A ROCK man is on a party line he does not want after being rung three times with market research calls for the Conservative Party.

Brian Smith, a university lecturer

and education consultant, of Callow Hill, received two calls from the party in London on the same day last month. Despite saying both times he did not want any more such calls he was rung again last Thursday.

The calls were part of Wyre Forest Conservative prospective parliamentary candidate, Mark Garnier's, general election campaign - despite Rock being in the neighbouring Leominster parliamentary constituency, represented by Conservative, Bill Wiggin.

The first time, Mr Smith answered the call. He said: "I informed the caller that I was registered with the telephone preference service and asked not to have any more calls. He said he would make a note."

Mr Smith, who is in his 50s and works from home, went on: "He described it as a market research call, ringing on behalf of Mark Garnier 'your prospective parliamentary candidate', wondering if there were any issues I wanted to raise."

He added: "The second call was the same day, half an hour later - after requesting not to be called again. He said that time he wanted to speak to my wife, Christine."

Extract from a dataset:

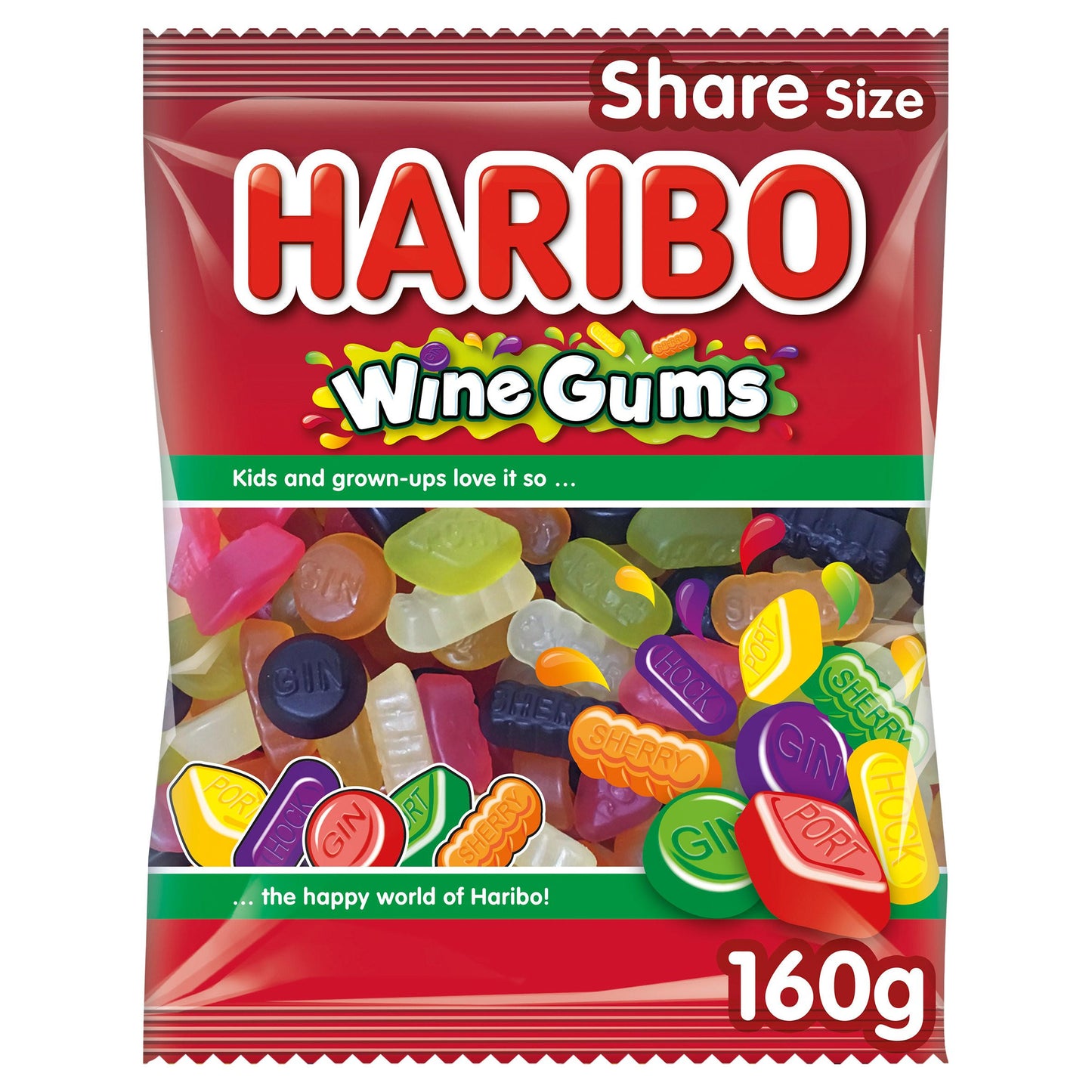 HARIBO Wine Gums Fruit Flavour Jelly Sweets Sharing Bag 160g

Mr Smith thought that was the end of the matter until the third call.

He went on: "It's not a party political thing - it's an irritation."

Rock is represented on Wyre Forest District Council and is set, eventually, to be included in Wyre Forest for general election purposes, although not in time for the next one, expected this year.

Mr Garnier offered his apologies to Mr Smith, saying he would contact Conservative Central Office in London to try to get the problem sorted out.

"The incredible difficulty with Rock is on the computer system we have," said Mr Garnier, "When we're fighting district council elections here, we include Rock. When we're fighting parliamentary campaigns, what happens is that Rock isn't taken off.

"This is causing a certain amount of confusion. I have told Central Office several times."

He said the system was "85 per cent accurate" but acknowledged: "If people get called three times it's causing a real problem."